The Freedom Foundation, a national think tank based in Washington state that promotes limited government and free enterprise, sued the city of Seattle on Wednesday over the city's newly passed income tax that targets the rich, Fox News reported.
The tax, which the City Council passed in July, requires city residents to pay an additional 2.25 percent income tax if they are a single filer making more than $250,000 or joint filers who make more than $500,000. Unlike most states, Washington does not have a personal income tax.
According to the Freedom Foundation's lawsuit, which was filed on behalf of several Seattle residents, the tax is unconstitutional.
In 1951, the Washington Supreme Court issued a ruling "to invalidate the state income tax," Fox News said. "Further, a law passed in 1984 prohibits any city or county from levying a tax on net income."

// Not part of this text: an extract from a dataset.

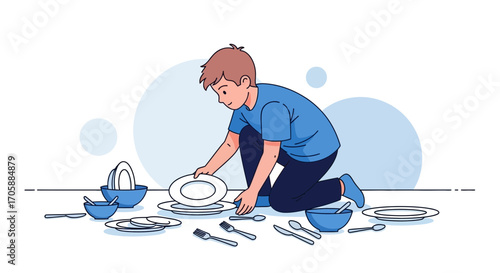 Young Person Arranging Tableware, Preparing Table, Clean Dishes, Helping With Chores Indoors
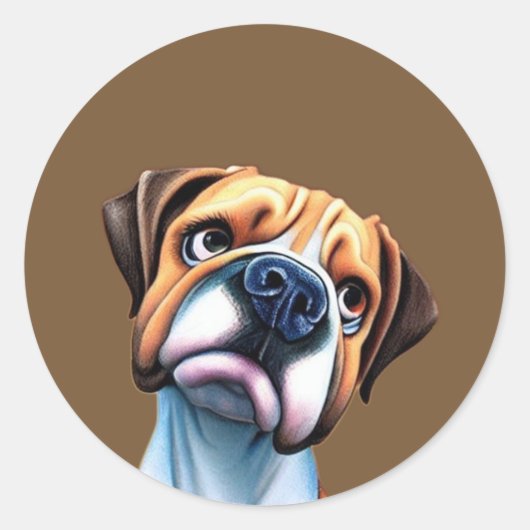 ボクサー犬 ラウンドシール (正面)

Washington "imposes strict limits on taxes; prohibits taxes on net income; and requires cities to get permission to tax residents," in the Revised Code of Washington, which encompasses all state laws, Fox News reported.

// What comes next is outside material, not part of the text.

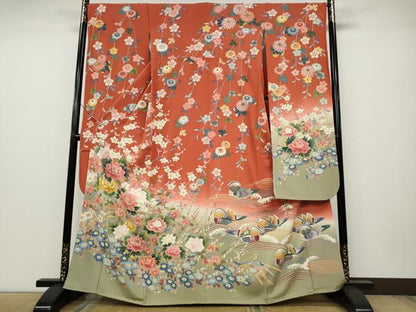 平和屋着物●豪華振袖　友禅　作家物　鴛鴦枝花文　暈し染め　正絹　逸品　CAAX4448ut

“This is clearly bad policy and illegal, but it’s also an assault on the rule of law,” David Dewhirst, a lawyer for the Freedom Foundation, told Fox News in a statement. “If they can get away with it this time, where does it stop?”
The goal of the city's new tax “is to replace our regressive tax system with a new formula for fairness while ensuring Seattle stands up President [Donald] Trump’s austere budget that cuts transportation, affordable housing, health care and social services," outgoing Democratic Mayor Ed Murray said.
Seattle anticipates $140 million in additional revenue once the law is implemented. The initial set up, however, will cost between $10 million and $13 million. The law is expected to cost an additional $6 million annually to enforce compliance.
The city plans to use the additional revenue for affordable housing projects and additional services for low-paid workers.
“We will no longer tolerate a system that buries poor and working class people in taxes, while giving big business and the super rich yet another free ride; a system that underfunds affordable housing to the point where thousands are homeless, a system that criminally underfunds education,” Councilmember Kshama Sawant told Fox News last month.
On nine different occasions, voters have turned down the idea of adding an income tax.